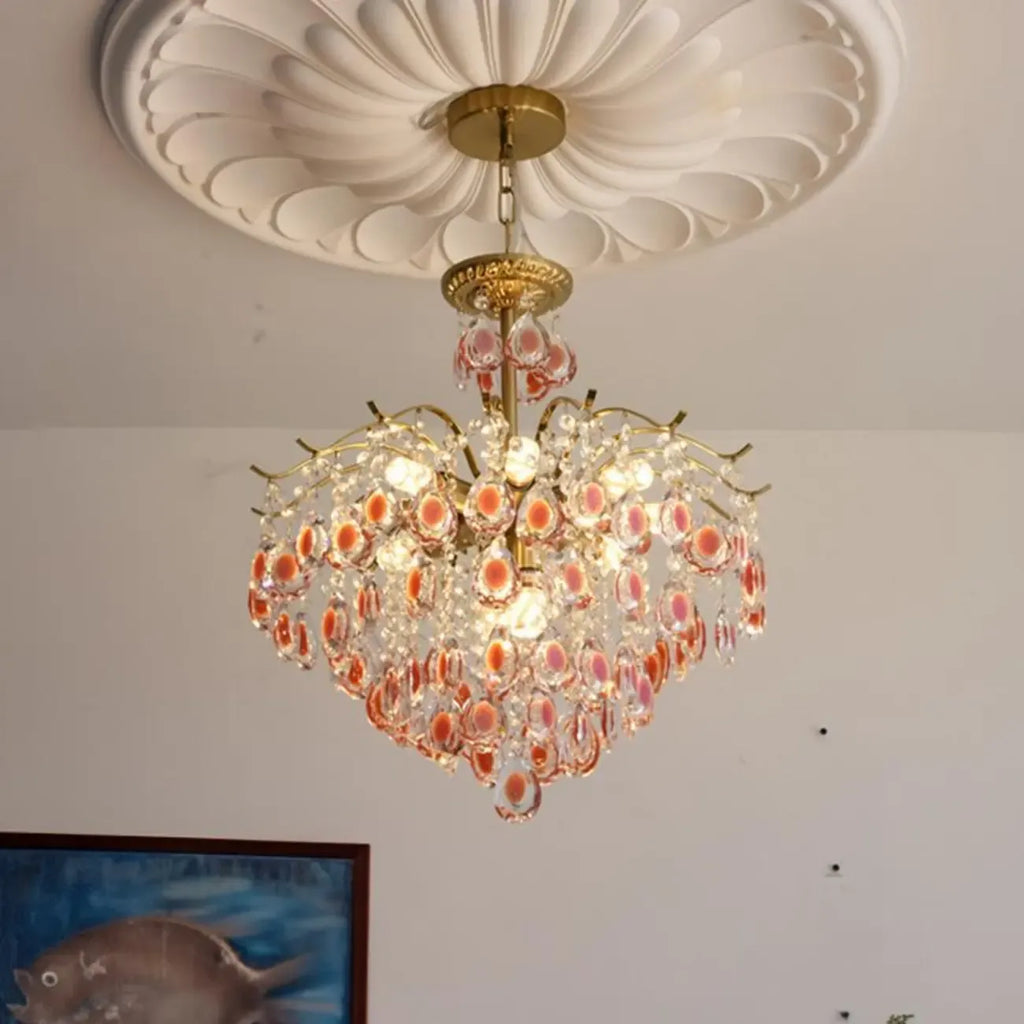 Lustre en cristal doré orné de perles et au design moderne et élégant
----------
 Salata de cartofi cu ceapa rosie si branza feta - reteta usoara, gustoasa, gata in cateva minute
----------
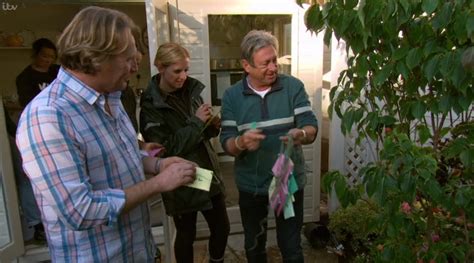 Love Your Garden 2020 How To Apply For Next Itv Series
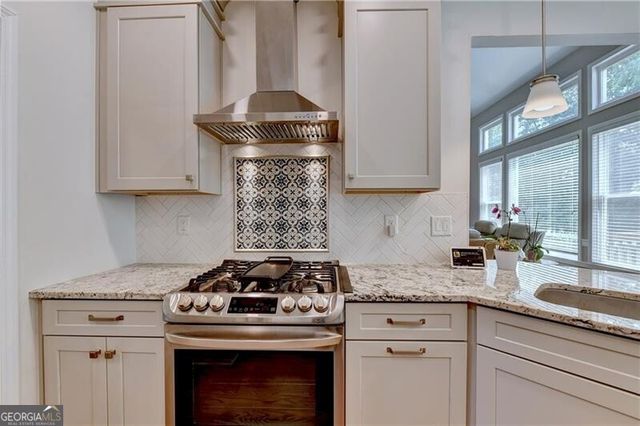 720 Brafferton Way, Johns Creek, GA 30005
----------
- [ABOUT THIS EXERCISE]: Could the stretch from the line with "Love Your Garden" through the line with "720 Brafferton Way, Johns Creek, GA 30005" in the listing above be restated word for word, minus the pictures?

- [RESPONSE TO THE TASK]:
 Love Your Garden 2020 How To Apply For Next Itv Series
 720 Brafferton Way, Johns Creek, GA 30005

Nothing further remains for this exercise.